RESTRICTIVE ANDRAGOGIES AND EX-CITATION
NICHOLAS ALEXANDER HAYES & JEN BESEMER
We are anxious because some composition instructors have imbued grammar with moral authority. When a student drops articles or makes a spelling error, these instructors feel affronted. They see the perpetrators as violating the sacred trust that the Puritan work ethic and the English language ensure. These instructors feel condemned to fail these students who have violated the essence of American culture. Etymologically, grammar is the sibling of grimoire, the witch’s book. Like the grimoire, grammar promises to give us control over the world. Michael de Landa points out that 500 hundred years ago language was more fluid. But then the language of Paris became the language of France, the language of Castile became the language of Spain; power standardized our languages for its own purpose. The rules of grammar are harnessed to the mechanics of imperium.
At the time of the performance, we had been teaching college writing courses for several years. We were experimenting with using ubiquitous spiral bound handbooks required in college writing classes and online bibliographic citation generators to craft poetic texts. We sought to transform the tools for grammar into something that invites ideas and language into less constrained realms. Our performance asked what happens when tools intended to corral and control language are turned away from that purpose and used “incorrectly,” used deliberately in “error,” to create something new.

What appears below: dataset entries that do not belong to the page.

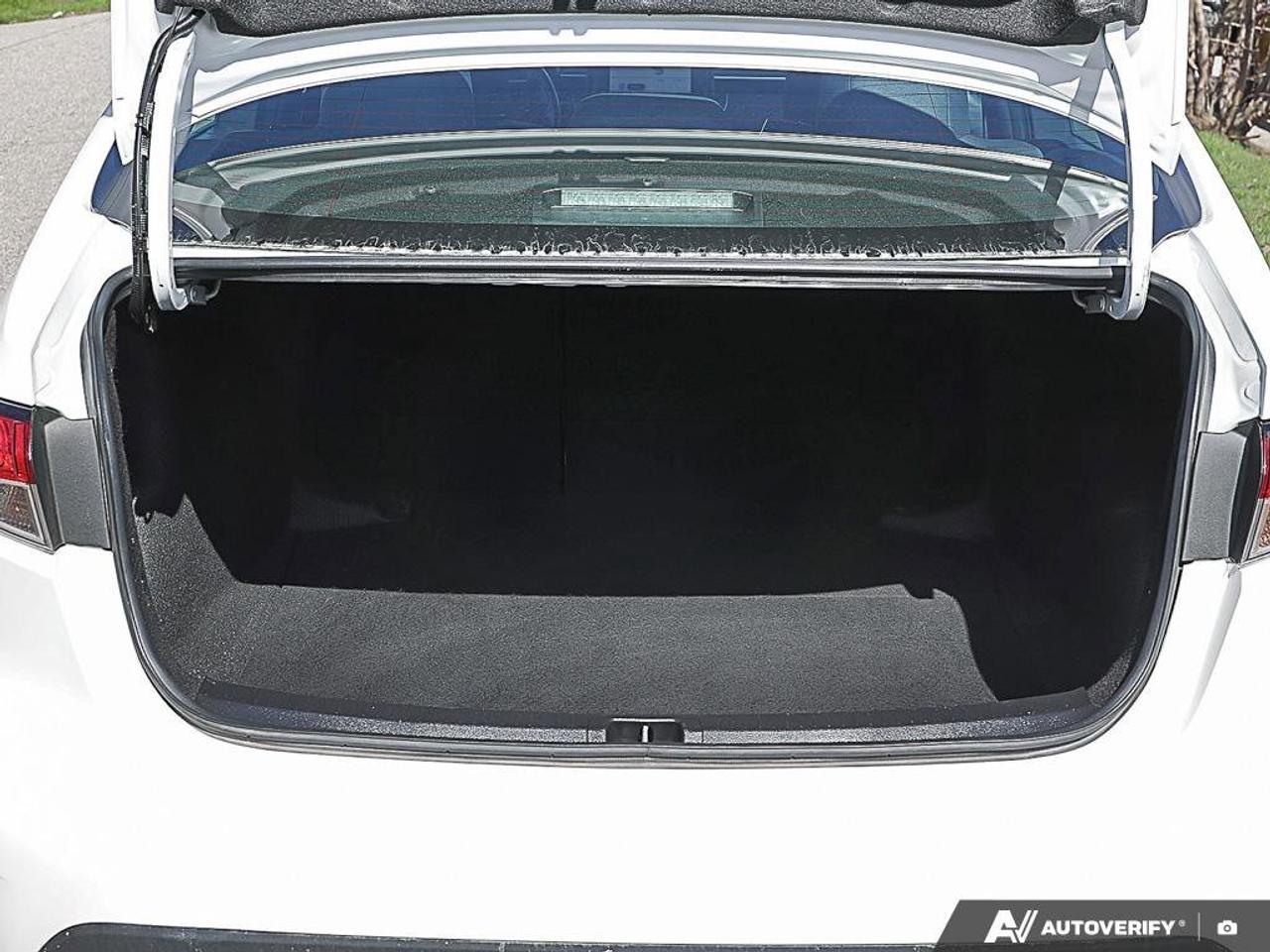 2023 Toyota Corolla Le CvtLE UPGRADE PACK, SUNROOF, ALLOY WHEELS, APPL Photo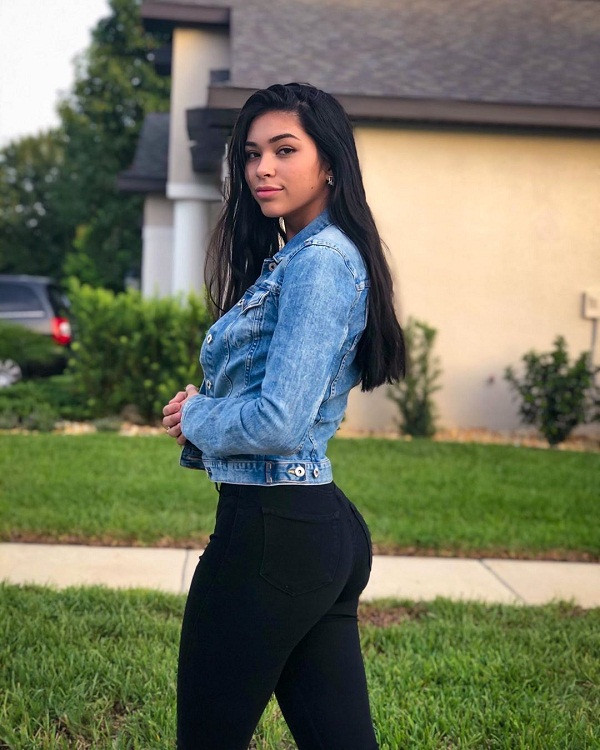 Không chỉ giỏi kiếm tiền, Aishah Sofety còn có thành tích học tập đáng nể. Hiện cô theo học ngành Sinh tại Đại học Florida.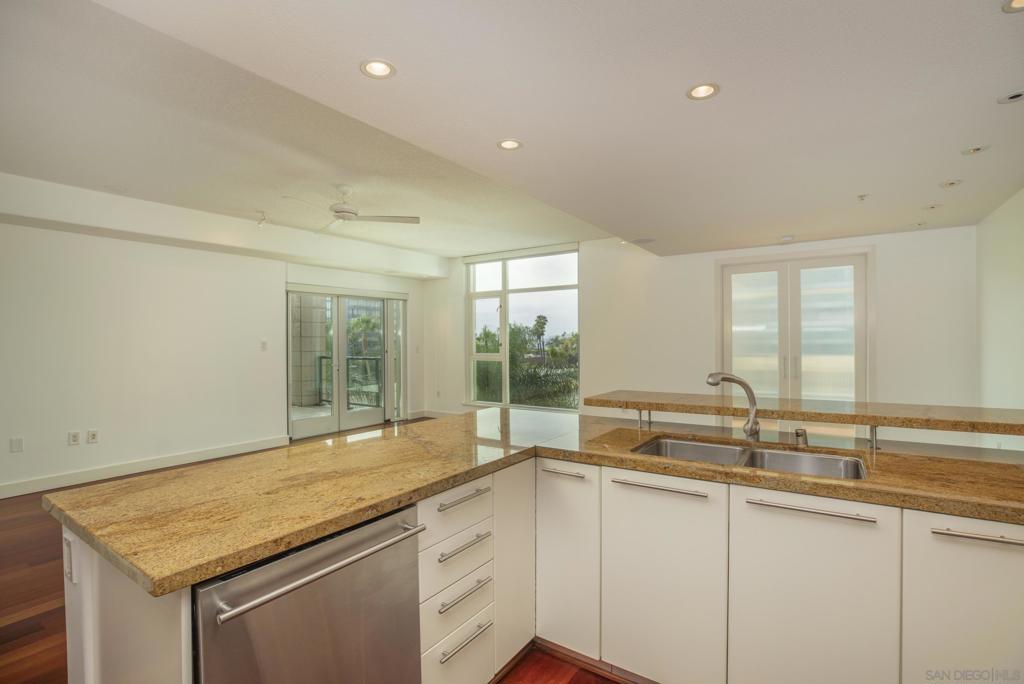 1205 Pacific Hwy Unit: 502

“Restrictive Andragogies and Ex-citation” was designed to mimic a stereotypical workshop session of an undergraduate writing class, complete with worksheet-based activities and round-robin text performance. We began by performing model poems composed by misusing grammar tools, then mentored audience/participants through the worksheet activity derived from that composition process. At the end of this worksheet activity, audience/participants became audience/performers, reading the texts they had created during the activity. The overall shift from audience/spectator to audience/performer was fostered (some would say “forced”) by the structure of the event. It wound up moving along almost exactly like a team-taught class with exceptionally engaged students.